Arnia and Calio replaced their masks, and the servants lowered the veils and stepped away. Calio took out the relic and passed it to the leader of the Children. The leader opened the cover with reverence and started to turn the pages.
Calio nodded.
“You’re talking again,” Taul said. “Do it out loud.”
The leader looked down the table at him.
“Taul is our friend,” Arnia said. “Our guardian. He sacrificed the greatest of all things so that he could fulfill that duty. We would not be here alive except for him. So please, Mendez. Let him share in this.”
The leader stared at Taul. He nodded.
“I am Mendez XXI,” he said.
“Taul,” Taul said.
“You come to us unmasked, Taul,” Mendez said, “your true face revealed.”

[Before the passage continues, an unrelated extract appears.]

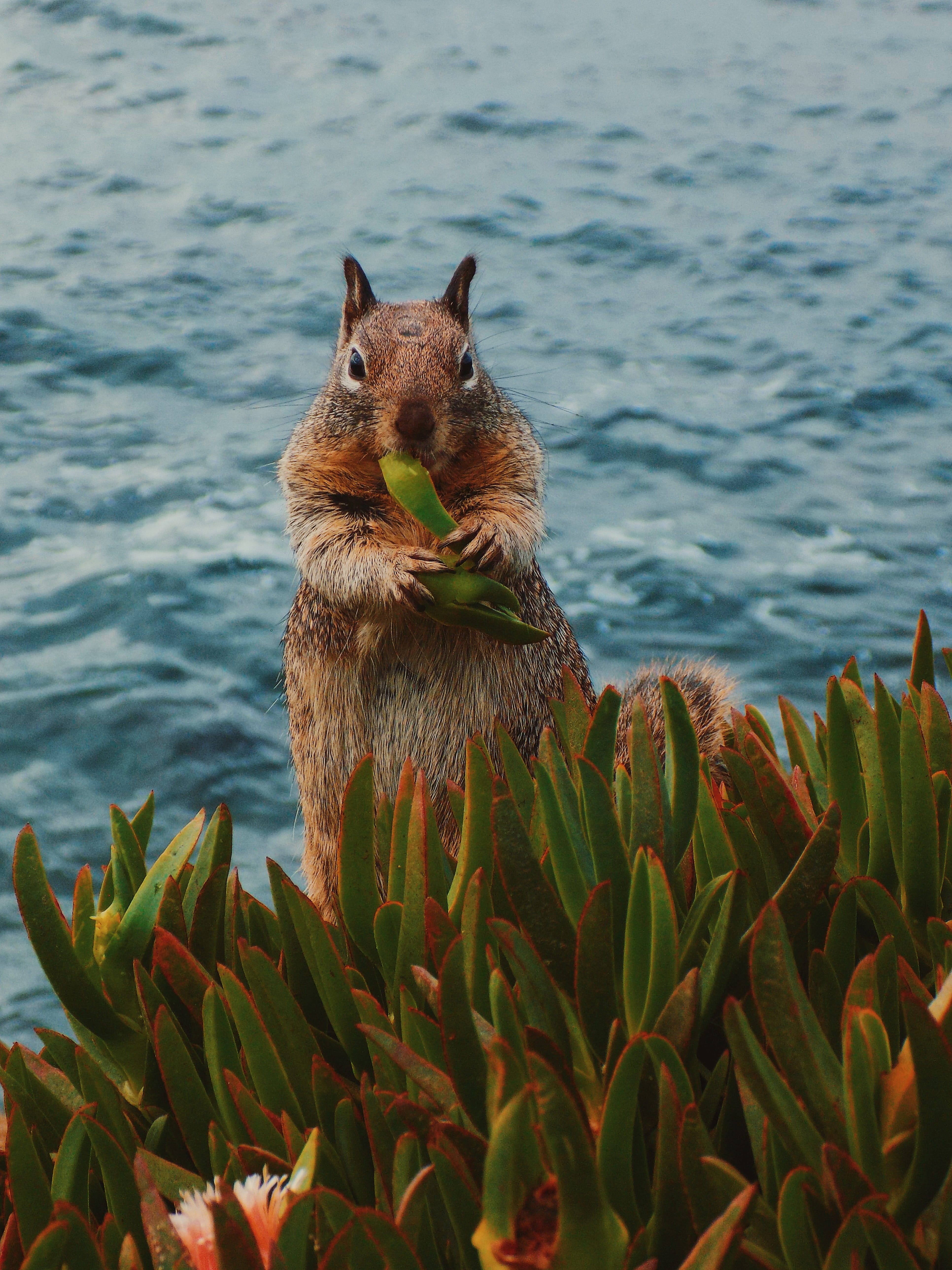 one animal, fauna, animal, beaver, lake, nature, squirrel, promontory, green color, vegetation, food, animals in the wild, seal beach, outdoors, mammal, Phone HD Wallpaper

“The beauty of your inmost self is very great, Taul,” another of the elders said.
“I have no inmost self,” Taul said. “I have no true face. This is just… my face.”
Mendez frowned slightly.
“You have no inmost fire, Taul,” he said. “I reach, but I do not find. My mind touches nothing. And you hear only words when they are spoken.”
“This is so,” Taul said.
“Were you born this way?” another of the elders asked. It was a woman.
“No,” Taul said.
The elders glanced at each other. Taul saw wrinkles of dismay.